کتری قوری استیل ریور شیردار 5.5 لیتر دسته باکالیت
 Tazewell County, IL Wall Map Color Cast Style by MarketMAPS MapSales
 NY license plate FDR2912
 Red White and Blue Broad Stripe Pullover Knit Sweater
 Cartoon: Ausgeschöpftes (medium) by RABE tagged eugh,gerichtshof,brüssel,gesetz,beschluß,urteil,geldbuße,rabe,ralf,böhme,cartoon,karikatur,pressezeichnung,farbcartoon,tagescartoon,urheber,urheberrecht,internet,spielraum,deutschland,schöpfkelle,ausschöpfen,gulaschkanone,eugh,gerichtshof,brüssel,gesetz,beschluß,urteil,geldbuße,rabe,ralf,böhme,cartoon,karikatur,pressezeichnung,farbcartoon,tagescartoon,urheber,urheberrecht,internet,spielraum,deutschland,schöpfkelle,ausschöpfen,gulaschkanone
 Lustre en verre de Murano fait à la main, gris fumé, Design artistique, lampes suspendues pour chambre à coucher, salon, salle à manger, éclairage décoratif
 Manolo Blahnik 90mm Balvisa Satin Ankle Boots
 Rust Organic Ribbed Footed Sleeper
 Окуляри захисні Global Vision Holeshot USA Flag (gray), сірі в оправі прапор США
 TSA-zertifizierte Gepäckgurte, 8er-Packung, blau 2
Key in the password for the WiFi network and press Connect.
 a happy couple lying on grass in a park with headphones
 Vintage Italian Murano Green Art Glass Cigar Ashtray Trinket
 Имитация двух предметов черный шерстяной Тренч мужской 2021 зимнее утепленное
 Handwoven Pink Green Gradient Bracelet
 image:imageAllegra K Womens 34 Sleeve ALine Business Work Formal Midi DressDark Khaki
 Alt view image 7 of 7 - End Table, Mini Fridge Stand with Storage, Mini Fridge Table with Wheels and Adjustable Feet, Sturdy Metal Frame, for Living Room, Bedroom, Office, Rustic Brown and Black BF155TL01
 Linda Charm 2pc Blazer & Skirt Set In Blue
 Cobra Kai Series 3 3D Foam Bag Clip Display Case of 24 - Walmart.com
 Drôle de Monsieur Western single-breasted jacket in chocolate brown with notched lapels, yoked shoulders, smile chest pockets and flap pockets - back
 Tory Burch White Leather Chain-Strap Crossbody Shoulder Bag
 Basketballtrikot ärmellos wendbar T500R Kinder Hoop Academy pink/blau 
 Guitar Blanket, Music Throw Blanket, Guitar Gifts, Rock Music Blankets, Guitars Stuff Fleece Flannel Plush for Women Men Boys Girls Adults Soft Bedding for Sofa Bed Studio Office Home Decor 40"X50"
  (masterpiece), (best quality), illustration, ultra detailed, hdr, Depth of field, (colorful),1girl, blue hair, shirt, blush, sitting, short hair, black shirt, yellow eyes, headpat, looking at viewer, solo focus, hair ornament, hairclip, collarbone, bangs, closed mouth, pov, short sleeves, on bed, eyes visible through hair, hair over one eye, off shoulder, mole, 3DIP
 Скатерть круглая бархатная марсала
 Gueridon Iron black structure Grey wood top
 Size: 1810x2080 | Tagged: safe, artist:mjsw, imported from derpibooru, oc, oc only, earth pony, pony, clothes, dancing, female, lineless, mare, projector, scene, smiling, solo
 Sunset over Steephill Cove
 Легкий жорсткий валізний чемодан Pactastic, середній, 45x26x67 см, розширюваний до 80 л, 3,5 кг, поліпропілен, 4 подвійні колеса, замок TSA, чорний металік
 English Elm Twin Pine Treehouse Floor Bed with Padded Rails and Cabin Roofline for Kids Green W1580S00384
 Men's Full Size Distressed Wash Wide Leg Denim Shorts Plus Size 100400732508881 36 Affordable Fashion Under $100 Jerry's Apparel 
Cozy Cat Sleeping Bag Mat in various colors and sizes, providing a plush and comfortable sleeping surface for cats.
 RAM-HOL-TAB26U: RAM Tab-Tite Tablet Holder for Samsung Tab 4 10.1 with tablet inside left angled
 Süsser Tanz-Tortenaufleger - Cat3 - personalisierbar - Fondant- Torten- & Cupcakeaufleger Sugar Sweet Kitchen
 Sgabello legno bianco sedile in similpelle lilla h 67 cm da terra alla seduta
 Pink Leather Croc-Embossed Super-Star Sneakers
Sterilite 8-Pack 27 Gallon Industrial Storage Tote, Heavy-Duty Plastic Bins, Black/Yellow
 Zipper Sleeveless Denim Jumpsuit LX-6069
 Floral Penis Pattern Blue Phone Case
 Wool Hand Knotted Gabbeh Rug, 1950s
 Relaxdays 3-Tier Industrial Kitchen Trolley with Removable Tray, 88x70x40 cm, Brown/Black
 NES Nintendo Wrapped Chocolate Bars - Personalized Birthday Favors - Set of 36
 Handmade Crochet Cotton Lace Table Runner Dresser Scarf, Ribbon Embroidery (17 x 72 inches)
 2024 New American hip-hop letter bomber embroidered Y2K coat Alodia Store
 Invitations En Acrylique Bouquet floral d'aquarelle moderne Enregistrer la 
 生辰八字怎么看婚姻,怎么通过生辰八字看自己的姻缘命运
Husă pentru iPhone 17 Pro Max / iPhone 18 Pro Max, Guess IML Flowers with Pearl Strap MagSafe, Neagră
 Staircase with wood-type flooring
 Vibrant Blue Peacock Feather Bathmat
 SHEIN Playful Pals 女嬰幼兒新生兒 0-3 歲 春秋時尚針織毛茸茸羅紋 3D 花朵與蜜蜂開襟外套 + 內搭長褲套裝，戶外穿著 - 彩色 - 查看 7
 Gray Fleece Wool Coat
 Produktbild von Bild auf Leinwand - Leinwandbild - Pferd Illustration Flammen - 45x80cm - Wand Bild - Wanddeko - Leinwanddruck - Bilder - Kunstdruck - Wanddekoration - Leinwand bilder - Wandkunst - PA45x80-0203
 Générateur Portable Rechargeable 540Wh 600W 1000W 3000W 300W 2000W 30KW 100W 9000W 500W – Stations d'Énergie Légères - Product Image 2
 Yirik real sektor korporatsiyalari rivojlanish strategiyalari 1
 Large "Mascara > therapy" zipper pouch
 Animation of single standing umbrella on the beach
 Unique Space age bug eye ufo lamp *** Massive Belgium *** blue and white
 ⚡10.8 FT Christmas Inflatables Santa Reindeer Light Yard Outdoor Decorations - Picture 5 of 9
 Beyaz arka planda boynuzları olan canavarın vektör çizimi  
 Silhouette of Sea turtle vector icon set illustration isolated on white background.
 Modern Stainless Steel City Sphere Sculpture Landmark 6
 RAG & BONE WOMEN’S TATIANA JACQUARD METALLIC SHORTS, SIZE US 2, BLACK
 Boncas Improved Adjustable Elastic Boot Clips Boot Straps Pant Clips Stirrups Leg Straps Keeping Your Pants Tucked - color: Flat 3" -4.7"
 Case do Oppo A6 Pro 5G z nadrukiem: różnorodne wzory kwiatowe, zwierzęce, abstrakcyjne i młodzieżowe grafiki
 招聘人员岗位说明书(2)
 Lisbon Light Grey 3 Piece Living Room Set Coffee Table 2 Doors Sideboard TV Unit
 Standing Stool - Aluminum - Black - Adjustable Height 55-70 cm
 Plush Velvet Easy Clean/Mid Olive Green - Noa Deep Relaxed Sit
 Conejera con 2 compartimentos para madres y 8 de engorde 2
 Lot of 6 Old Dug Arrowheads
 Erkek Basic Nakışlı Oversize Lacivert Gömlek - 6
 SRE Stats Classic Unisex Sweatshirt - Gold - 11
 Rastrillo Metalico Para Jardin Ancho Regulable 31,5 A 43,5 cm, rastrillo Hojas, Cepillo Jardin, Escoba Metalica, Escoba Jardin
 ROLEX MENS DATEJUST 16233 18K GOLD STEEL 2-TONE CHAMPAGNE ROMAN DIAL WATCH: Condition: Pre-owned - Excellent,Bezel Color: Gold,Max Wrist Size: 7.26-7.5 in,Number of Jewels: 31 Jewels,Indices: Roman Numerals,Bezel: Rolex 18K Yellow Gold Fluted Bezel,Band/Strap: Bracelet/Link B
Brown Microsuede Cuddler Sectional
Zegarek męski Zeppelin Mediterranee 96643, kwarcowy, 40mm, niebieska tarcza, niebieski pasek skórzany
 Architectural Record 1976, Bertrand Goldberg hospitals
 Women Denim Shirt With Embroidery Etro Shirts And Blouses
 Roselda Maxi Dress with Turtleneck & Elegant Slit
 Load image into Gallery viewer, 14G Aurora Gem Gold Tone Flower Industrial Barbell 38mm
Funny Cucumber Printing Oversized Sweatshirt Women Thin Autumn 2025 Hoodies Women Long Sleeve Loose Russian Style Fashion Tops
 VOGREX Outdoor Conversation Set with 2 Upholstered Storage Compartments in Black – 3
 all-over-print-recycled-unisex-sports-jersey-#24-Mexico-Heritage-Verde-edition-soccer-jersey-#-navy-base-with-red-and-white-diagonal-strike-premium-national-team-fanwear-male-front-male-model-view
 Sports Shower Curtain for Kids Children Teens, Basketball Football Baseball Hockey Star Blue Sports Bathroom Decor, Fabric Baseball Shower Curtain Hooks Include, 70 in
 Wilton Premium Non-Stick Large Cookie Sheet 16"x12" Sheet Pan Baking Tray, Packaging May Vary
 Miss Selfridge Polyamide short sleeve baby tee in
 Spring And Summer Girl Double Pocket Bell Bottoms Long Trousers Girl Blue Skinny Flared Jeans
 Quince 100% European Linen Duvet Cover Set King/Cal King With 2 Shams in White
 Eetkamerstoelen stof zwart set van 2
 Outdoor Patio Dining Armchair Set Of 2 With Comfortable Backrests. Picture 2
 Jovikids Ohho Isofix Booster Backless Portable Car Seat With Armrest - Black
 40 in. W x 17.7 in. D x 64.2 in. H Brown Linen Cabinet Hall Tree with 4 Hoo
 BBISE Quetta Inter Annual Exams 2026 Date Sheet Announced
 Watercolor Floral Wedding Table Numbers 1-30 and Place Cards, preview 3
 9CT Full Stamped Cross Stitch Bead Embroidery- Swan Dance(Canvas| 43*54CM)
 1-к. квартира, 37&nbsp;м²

————————

The problem
In the material above, the line with "Wilton Premium Non-Stick" marks the start. Print it and every line after it through the last, exactly.

Task result
 Wilton Premium Non-Stick Large Cookie Sheet 16"x12" Sheet Pan Baking Tray, Packaging May Vary
 Miss Selfridge Polyamide short sleeve baby tee in
 Spring And Summer Girl Double Pocket Bell Bottoms Long Trousers Girl Blue Skinny Flared Jeans
 Quince 100% European Linen Duvet Cover Set King/Cal King With 2 Shams in White
 Eetkamerstoelen stof zwart set van 2
 Outdoor Patio Dining Armchair Set Of 2 With Comfortable Backrests. Picture 2
 Jovikids Ohho Isofix Booster Backless Portable Car Seat With Armrest - Black
 40 in. W x 17.7 in. D x 64.2 in. H Brown Linen Cabinet Hall Tree with 4 Hoo
 BBISE Quetta Inter Annual Exams 2026 Date Sheet Announced
 Watercolor Floral Wedding Table Numbers 1-30 and Place Cards, preview 3
 9CT Full Stamped Cross Stitch Bead Embroidery- Swan Dance(Canvas| 43*54CM)
 1-к. квартира, 37&nbsp;м²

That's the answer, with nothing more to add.